Didal motivated by more than just a medal; PH skateboarder wants respect
Margielyn Didal understands exactly how people see skateboarders, especially those that grew up in rougher streets. After all, that image is not far from reality.
“We look dirty because we are trying to land a trick and we get dusty,” Didal said in an interview with tokyo2020.org. “Most people, when they see a skateboarder, they say ‘you don’t have a future there, they are just hanging on the street.’”
And they understand why people are shaking their heads now—this time in astonishment.
“And now we’re expecting to be in the Olympics,” she said.
Didal is ranked 14th in the world among female skateboarders. If she keeps her form, the reigning Asian and Southeast Asian champion will formalize an entry to the Tokyo Olympics, which had invites for the world’s Top 20.

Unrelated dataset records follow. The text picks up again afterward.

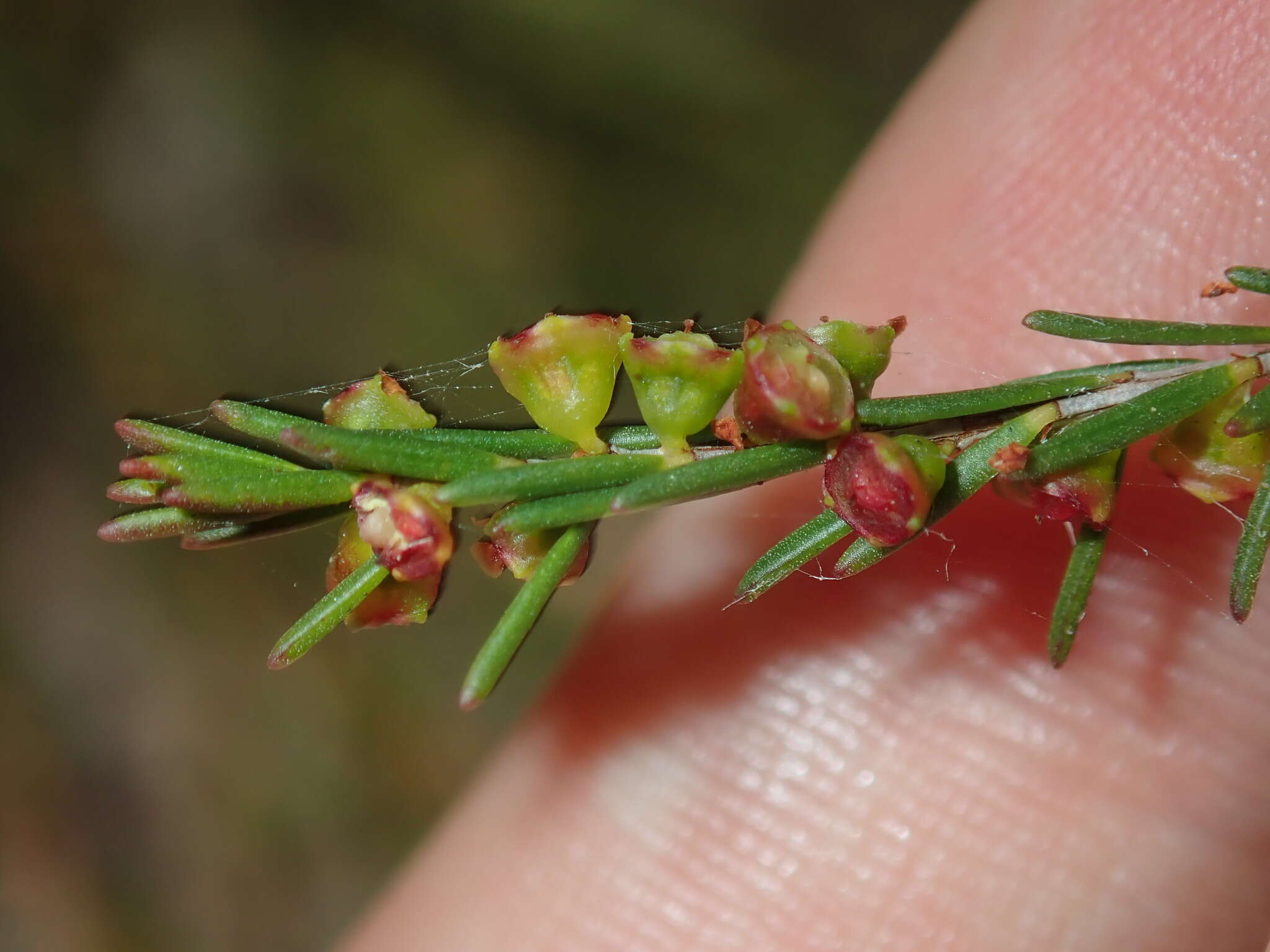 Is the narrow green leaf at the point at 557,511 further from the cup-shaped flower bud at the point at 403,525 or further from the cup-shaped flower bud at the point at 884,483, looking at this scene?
the cup-shaped flower bud at the point at 884,483

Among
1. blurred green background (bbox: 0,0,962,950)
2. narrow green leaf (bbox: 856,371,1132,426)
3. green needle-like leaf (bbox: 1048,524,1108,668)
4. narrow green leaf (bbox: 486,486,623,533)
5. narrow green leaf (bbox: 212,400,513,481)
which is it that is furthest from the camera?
blurred green background (bbox: 0,0,962,950)

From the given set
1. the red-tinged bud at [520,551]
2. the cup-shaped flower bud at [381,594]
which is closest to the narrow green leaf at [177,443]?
the cup-shaped flower bud at [381,594]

If you find it hard to picture a former street urchin who used to be chased away by security guards from malls whose open spaces become makeshift skate parks, you are not alone.
“I still can’t imagine representing my country and raising the Philippine flag, especially at the Olympics,” Didal said.
But that’s where she’s headed, barring major unforeseen circumstances. And once she gets there, a medal won’t be the only thing she’ll go after. For someone who has spent much of her life trying to escape the clutches of poverty, Didal has never been blind to the big-picture causes.
“Skateboarding is not for fame. [It’s] about the vibe of doing [your] passion. We just want respect, not just in skateboarding, but [in] whatever status [of] life, even [for] the kids in the street or street vendors.”
Didal began skateboarding as a means of escape from reality.
“[Skateboarding] is the best way to escape problems for me,” she said. “Sometimes, if you [are] overthinking on a skateboard you can’t think of other stuff; you only need to think of the skateboard, yourself and the trick.”
And then the motivation became something more tangible.
“Skateboarding is fun [but] for me I just want to help my parents. We’re a big family. We are five siblings, and are now getting bigger.”
Didal is a beneficiary of the Olympic solidarity scholar program that the International Olympic Committee set up to give talented athletes from less advantaged countries an equal chance of reaching the Games.
Locked down in her home in Cebu City by a health crisis that has gripped the world, Didal does practice runs in a four-foot tall quarter pipe on their roof that her father, a carpenter, built.
“I asked my dad to build the quarter pipe … so I can just skate back and forth in the small space.”
She’ll have all the space she wants in Tokyo, when she guns for victory and validation.